Data subject access requests have been on privacy professionals' radar since the EU General Data Protection Regulation was passed. Plenty of technology solutions were created to help organizations handle those requests once they started pouring in.

Despite year one of the GDPR coming to a close, there's still a lot for privacy professionals to learn, especially as they wait for regulators to make their moves. That was according to speakers at an active learning session at the IAPP Global Privacy Summit in Washington recently.

The panel featured Colleary & Co Principal and Founder, Pembroke Privacy Director of Data Protection and the IAPP’s Country Leader for Ireland Kate Colleary, CIPP/E, Panetta & Associati Managing Partner and the IAPP’s Country Leader for Italy Rocco Panetta, CIPP/E and Fieldfisher Partner, Head of Privacy, Security and Information Hazel Grant, CIPP/E.

An essential component to staying out of regulators' crosshairs is complying with DSAR time requirements. Organizations must respond to a DSAR within one month of receiving it, and while an extension can be granted under certain circumstances, Colleary said companies should exercise caution in asking for one. 

The Irish Data Protection Commission, for example, will take a “dim view” toward organizations that continuously ask to extend DSAR deadlines. She said an extension should be asked for only in instances such as when the volume of requests is too much to handle. Should regulators begin to receive complaints about a company’s responses to the requests, Colleary said it might raise “red flags” that their processes are not up to muster.

That is not to say entities should rush to fill out the requests as soon as possible.

“You need to really read the request really carefully, pore over it,” Grant said. “If you have the time, you should think about it.”

Reading over the inquiries thoroughly is important in determining whether the information falls within the scope of the request. Grant said regulators look to see organizations do just that. In addition, communication is an important aspect of responding to requests, and privacy professionals would be wise not to let them fall by the wayside.

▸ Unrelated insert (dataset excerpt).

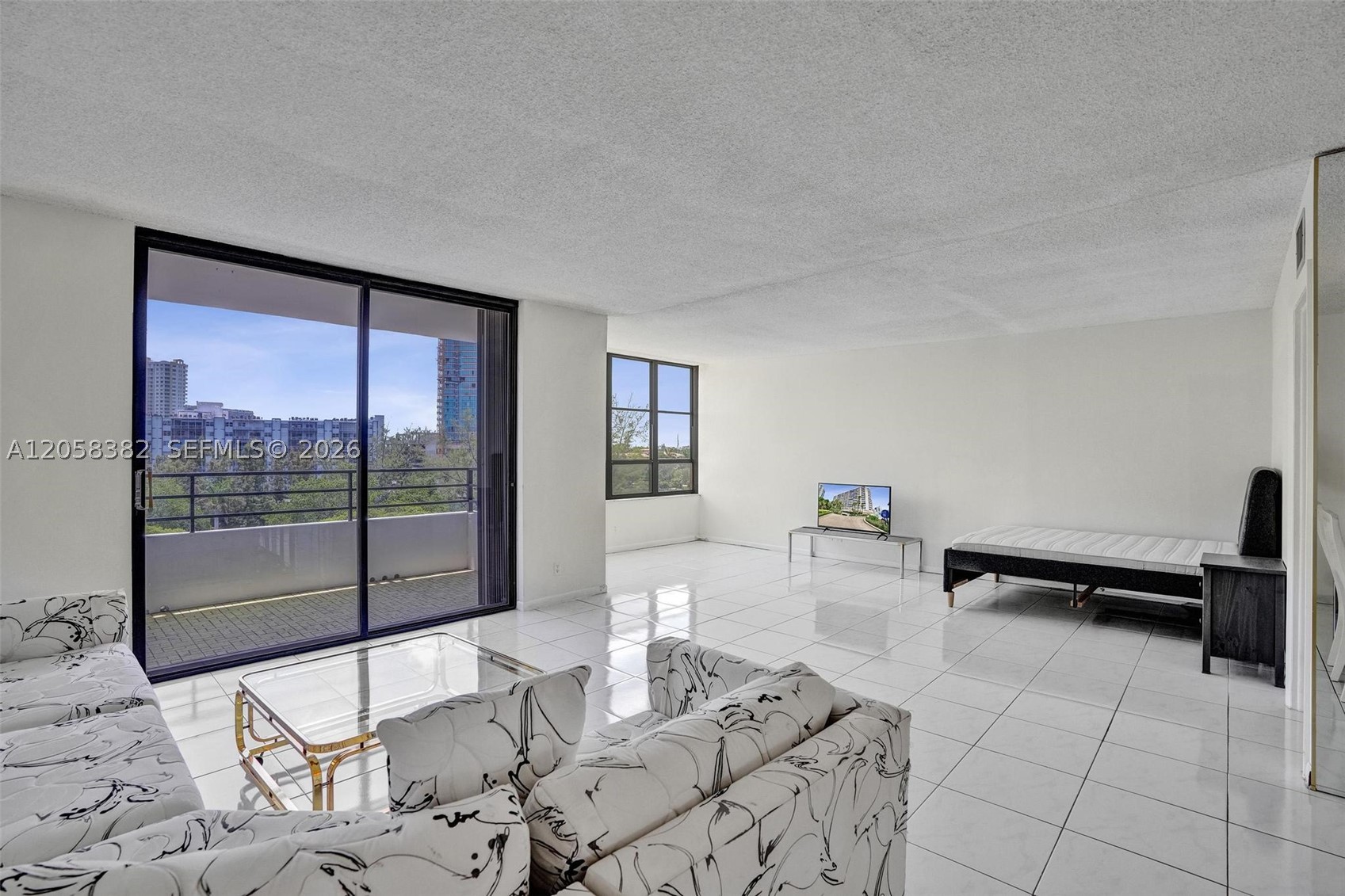 OLYMPUS CONDO PHASE - Residential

“My advice is to respond to the request. Let them know you have it,” Grant said. “If it is really complicated, drip out the answers. Take your time with it. That is going to look better to a regulator than running away, putting your head in the sand and ignoring it.”

Colleary offered a similar sentiment.

“To avoid trouble down the road, engage with the data subject and show that you have a process in place,” Colleary said. “Sending a receipt that says you received the request shows you have a good process in place. Silence up until day 29 or 30 and then blasting a subject with only part of the information isn’t going to work.”

Another way to avoid trouble down the road is for organizations to keep track of their DSAR processes in case regulators decide to conduct an audit. Grant said companies are not perfect and will make mistakes; however, it is important for an entity to show regulators all of the requests it has been able to fulfill in the event even one is not properly executed.

“Having some sort of audit of how your process works, and the outcome of the process, is important,” Grant said. “It’s important because under GDPR you are meant to be accountable. Think about your accountability record and get it in place now, because it will pay dividends in the future.”

Gray areas 

As with many parts of GDPR compliance, there are still gray areas around DSARs — for example, identifying whether an inquiry is a legitimate one. As Grant said during the session, the magic words “data subject access requests” are necessarily not going to appear in the message.

Adding to the complexity is that there is a chance the information sought out by a subject will be used in a lawsuit against the company fulfilling the request. Panetta said it is important for whatever department handles the probes to be staffed by individuals who not only respond to DSARs in a timely manner, but also can do their best to sort out bogus requests sent by people “abusing the exercise of this right.”

The conversation may have focused on the GDPR here, but chatter around data subject access rights more broadly is not going to quiet down any time soon. With the countdown to the California Consumer Privacy Act shrinking by the day, and other privacy laws surely to pop up globally, organizations will have to lock down their DSAR processes sooner rather than later.